Senators Hope to Clear The Air, Parks Should Benefit
Boy, Dubya's gotta hate this.
Five U.S. senators -- three of whom are Republicans -- are daring to upstage the Bush administration when it comes to cleaning the nation's air. Of course, whether Senators Tom Carper of Delaware, Lamar Alexander of Tennessee, Lincoln Chafee of Rhode Island, Judd Gregg of New Hampshire and Dianne Feinstein of California can get the rest of Congress to support their bid remains to be seen.
What the five hope to do with their Clean Air Planning Act of 2006 (CAPA) is force significant reductions in sulfur dioxide, nitrogen oxide, carbon dioxide, and mercury emissions from the nation's coal-fired power plants by the year 2015.

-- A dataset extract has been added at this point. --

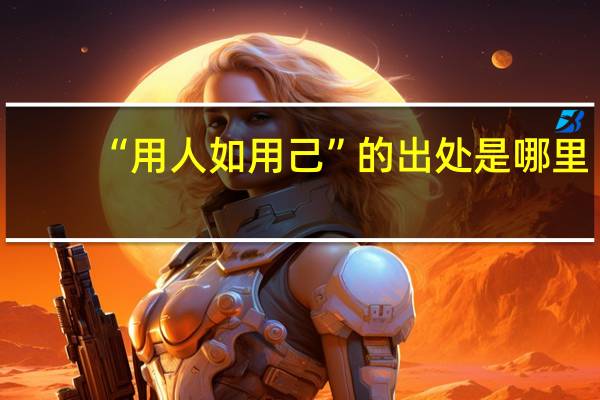 “用人如用己”的出处是哪里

If they succeed, among the beneficiaries will be America's national parks, many of which currently are struggling with hazy views thanks to air pollution.
Solidly behind this legislation is the National Parks Conservation Association, which sees it as much more substantial than the president's own "Clear Skies" measure. Under Clear Skies, some existing clean air protections would actually be scrapped.
Under the proposed legislation, sulfur dioxide emissions, which currently are capped at 11 million tons per year, would be capped at 4.5 million tons in 2010 and 2 million tons in 2015. Nitrogen oxides would go from the current cap of 5 million tons per year to 1.7 million tons. CAPA also prohibits the trading of mercury emissions, something current EPA rules allow, and while carbon dioxide emissions currently are not capped, this legislation proposes to reduce them to 2001 levels by 2015.
Some background: Roughly three-quarters of all power plant boilers operating in the United States today are more than 30 years old and aren't outfitted with the latest pollution control technology. They also are responsible for about 99 percent of the sulfur dioxide, 98 percent of the nitrogen oxides, and 91 percent of carbon dioxide emissions coming from all U.S. power plants.
Thanks to air pollution, national park viewsheds aren't what they once were. At Shenandoah and Great Smoky Mountains national parks, on bad days air pollution cuts the visibility from as much as 70 miles to barely 15 miles. Problems also exist at Mesa Verde, Grand Canyon, Big Bend and Sequoia national parks to name just a few.
"Technologies are readily available that allow these plants to operate much more cleanly," NPCA President Tom Kiernan said in a letter of support to Sens. Carper and Alexander. "The Clean Air Planning Act would employ flexible market mechanisms and adequate lead-time so these plants can affordably apply the technologies that will help clean our air."